For the position $n = a_1 \oplus a_2 \oplus a_3 \oplus \cdots \oplus a_k = 0$, changing any of the $a_i$ will result in $n \neq 0$.
For the position $n = a_1 \oplus a_2 \oplus a_3 \oplus \cdots \oplus a_k \neq 0$, there exists at least one move such that modifying one of the $a_i$ values results in $n = 0$.

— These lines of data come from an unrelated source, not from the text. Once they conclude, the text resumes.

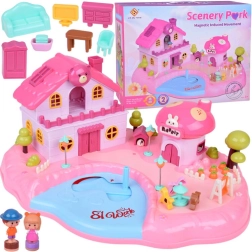 Интерактивна магнитна къщичка SCENERY PARK със светлини и звуци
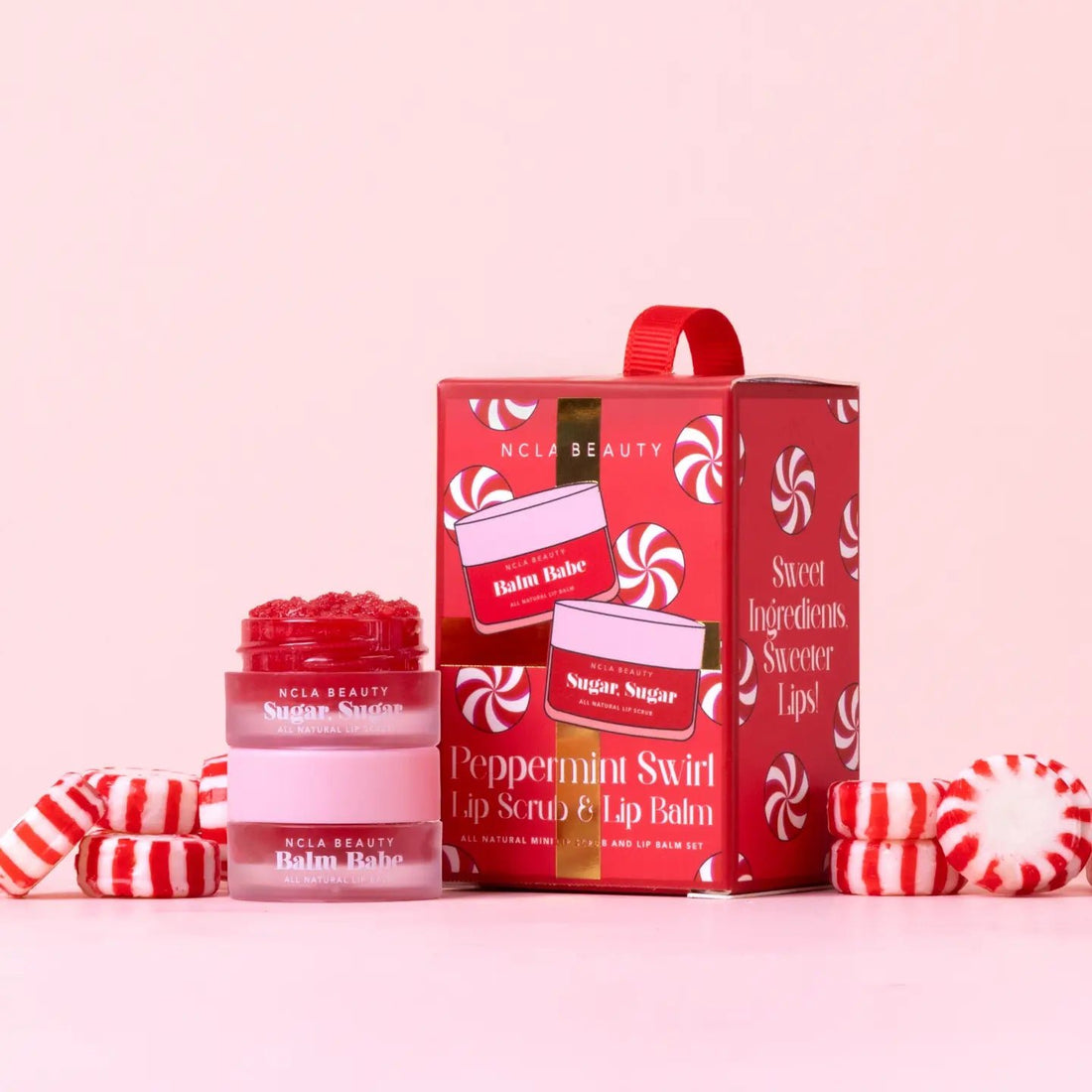 Peppermint Swirl Lip Treat Ornament - Honey Drip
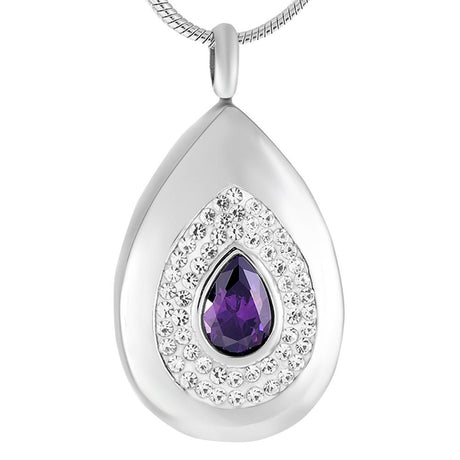Buy Zahara Memorial Urn Necklace (20 inches) with Velvet Pouch & Fill Kit |  Amethyst Angel Heart Pendant and Chain (Nickel Free) Online at  desertcartOMAN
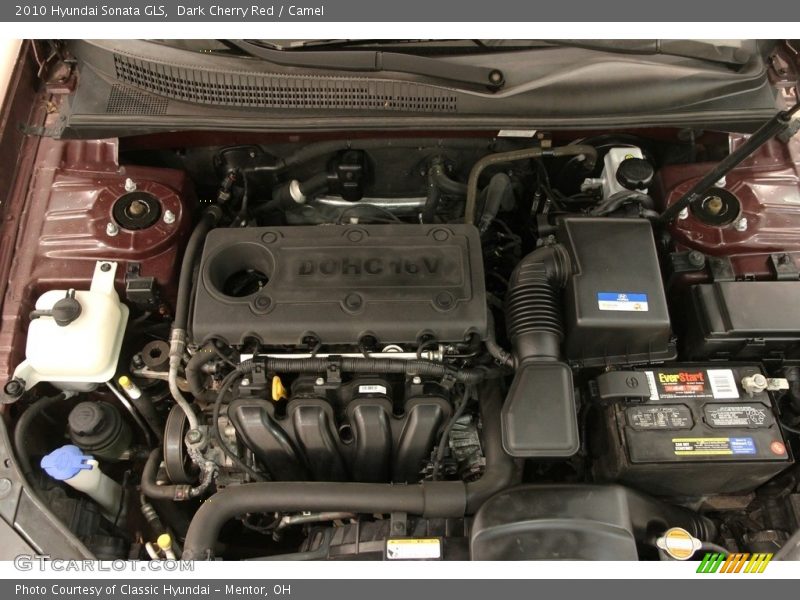 Dark Cherry Red / Camel 2010 Hyundai Sonata GLS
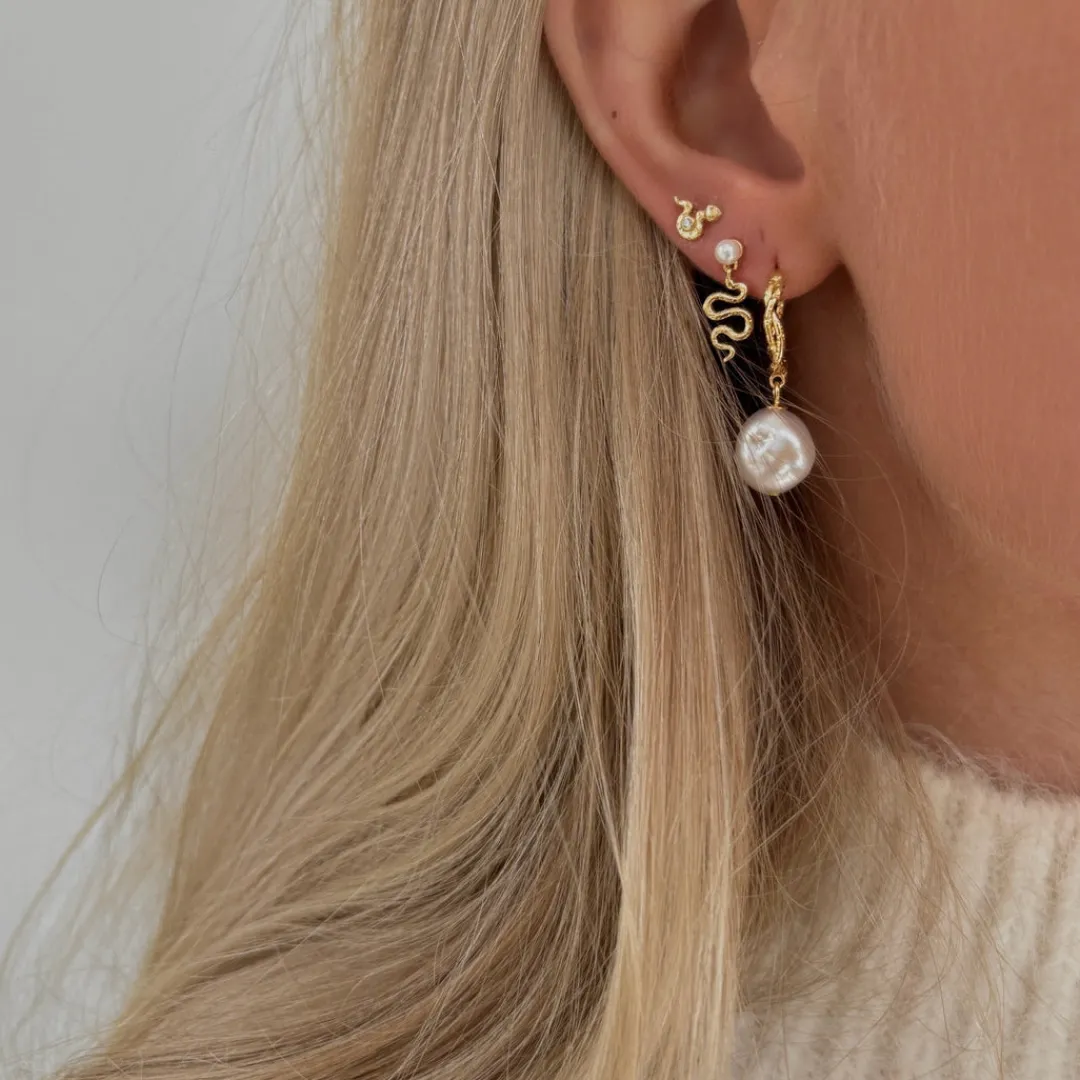 Nava Copenhagen Ørestikker | Øreringe>Viper Petite Studs - Gold Plated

I hope I've stated those correctly. They're meant to prove that the XOR operator can be used to analyze Nim games in the sense that if you're in a losing position $n=0$, you have no choice but to give the opponent a winning position $n \neq 0$, and if you're in a winning position $n \neq 0$, you can force the opponent into a losing $n=0$ position.
My attempts:
If we choose some $a_i$ and modify it to some new value $c_i$ such that $a_i \neq c_i$, this is the same as finding some $b_i$ such that $a_i \oplus b_i = c_i$ where $b_i \neq 0$. And this means we change $n$ to $a_1 \oplus a_2 \oplus a_3 \oplus \cdots \oplus a_k \oplus b_i = 0 \oplus b_i$, or just $b_i$. And since $b_i \neq 0$, we have $n \neq 0$. While this makes sense to me I don't know if it constitutes an adequate proof.
I have no idea how to do this. I guess let $b_i = n$ and use that as the modifier because then $a_1 \oplus a_2 \oplus a_3 \oplus \cdots \oplus a_k \oplus b_i = n \oplus b_i$ which turns to $n \oplus n = 0$. But sometimes this results in an illegal move.
If $a_i$ changes then at least one position in its binary representation must also change. This position corresponds to a column in the nim-sum. If the old column was $(x_1,x_2,\ldots,x_i,\ldots,x_n)$, the new column is $(x_1,x_2,\ldots,x_i+1,\ldots,x_n)$. Therefore, the new sum for that column is $\sum_{i=1}^n x_i + 1 = 0+1=1$.
For the second question, consider the largest heap $i$, and perform the nim-sum on all the heaps. Then, in $a_i$, alter precisely each position whose column sum is a $1$. Then each column sum will become zero.